↓
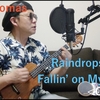 【英文和訳＆弾き語り#027】〜 Raindrops Keep Fallin' on My Head 〜 雨にぬれても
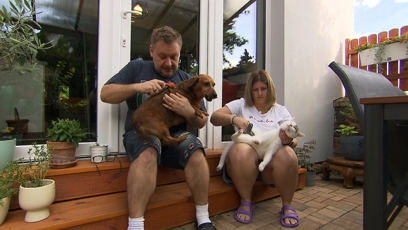 FOTO: Psi a kočky jsou významnou součástí domácnosti.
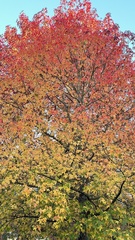 Liquidambar styraciflua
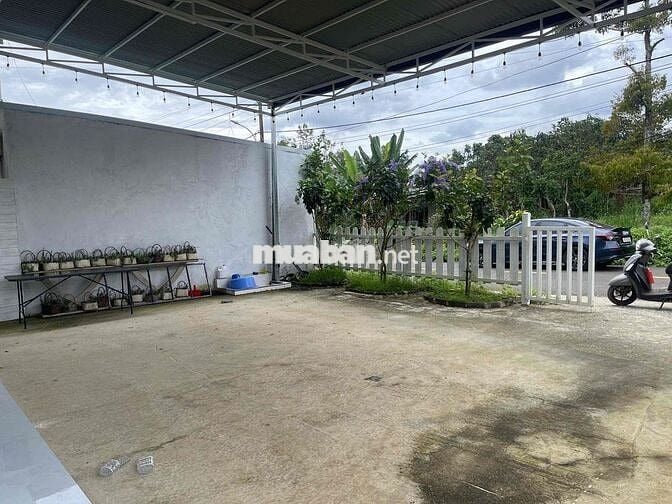 Homestay mặt tiền hẻm 88 Lữ Gia DT: 659m2 (12x60m) sẵn 300m thổ cư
↑
▸ **Task to carry out**
Print once more, exactly, the lines from the one with "Liquidambar styraciflua" through the last line of the data, both ends included, without any pictures.

▸ **Written answer**
 Liquidambar styraciflua
 Homestay mặt tiền hẻm 88 Lữ Gia DT: 659m2 (12x60m) sẵn 300m thổ cư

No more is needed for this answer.